Antler Theatre’s Lands comes via the 2017 Edinburgh Fringe and springs surprises galore as the protagonists transform a deceptively simple absurdist narrative into something more provocative and capable of a multitude of meanings.

Sophie Steer and Leah Brotherhead are both apparently locked up in their own worlds; one bouncing incessantly on a mini trampoline and the other absorbed in a 1000 piece jigsaw puzzle.

With a whimsy that, literally at times, jumps from a playful examination of two different personalities to outright screaming rage, Lands explores the impossibility of building sustainable relationships when obsession start to take the upper hand.

While Sophie eats a packet of cheese and onion crisps while springing up and down in one corner of a room, Leah takes great pleasure examining tiny pieces of her puzzle while nerdishly documenting the miniature scenes within; two people smiling in a red vehicle.  It could be a bus, but no one smiles that much on a bus, so it must be private transport.  And here’s a goat, or is it a cat?  It’s all so innocent and the two are obviously coexisting harmoniously and without any tension.

But what do people do? They start to entrench and begin to criticise the other’s point of view, beginning when Leah tries to persuade Sophie that what she is doing is not normal. It must stop. Sophie must get off the trampoline.  But Sophie can’t, or won’t and doesn’t understand why she must.

In just over an hour observations of addiction or of relationship breakdown or even a deeper allegory of man’s inability to understand his fellow man are explored.

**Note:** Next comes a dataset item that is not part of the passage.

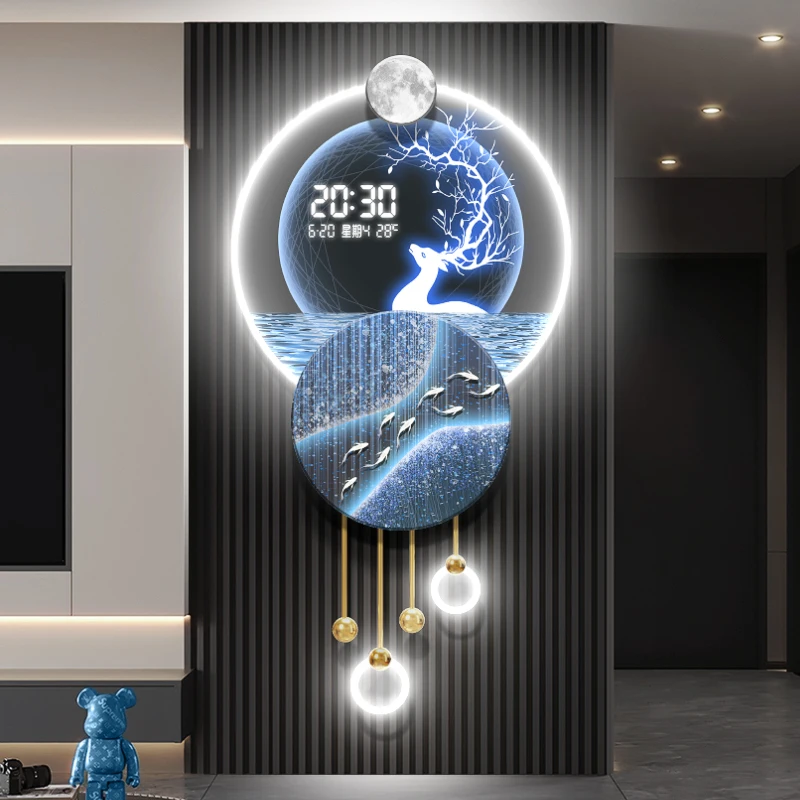 #Nine Fish Picture Living Room Perpetual Calendar Grille Decorative Pendant Elk Entrance New Electronic Clock With Light Mural
#Nine Fish Picture Living Room Perpetual Calendar Grille Decorative Pendant Elk Entrance New Electronic Clock With Light Mural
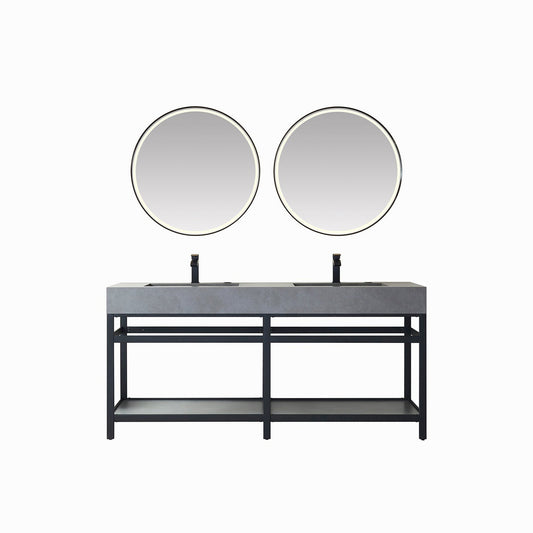 Vinnova Bilbao 72" Double Vanity With Matte Black Stainless Steel Bracket Match With Grey Sintered Stone Countertop With Mirror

The constant physicality and simplicity of the setting, along with the carefully limited amount of dialogue including use of repetition allow the performers to delve deep into their own psyche and ask the audience increasingly difficult questions.  Why should we care about others; about natural and unnatural disasters and whether someone else is either going bald or had an interesting dream?

There are many moments of laugh aloud comedy, not least when things get overtly physical as Leah forces Sophie to drink a glass of water while still bouncing.  The interaction between the two veers between the enjoyment that they get from performing an obviously well-loved dance routine to an all-out antagonistic wrestling match.

Jaz Woodcock-Stewart directs with neat precision, while the unseen ‘Rachel’ cues up music or lighting changes to alter the mood when called upon by the actors. Sophie even gets off the trampoline every now and harmony is restored, but only fleetingly.

Whether the piece is about relationship decline, mental illness or even, God forbid, as allegory for Brexit, the play forces the audience to laugh at the irrational amid the mundane.

Lands is a well-balanced, original and timely reminder that life’s ebb and flow is always a riddle.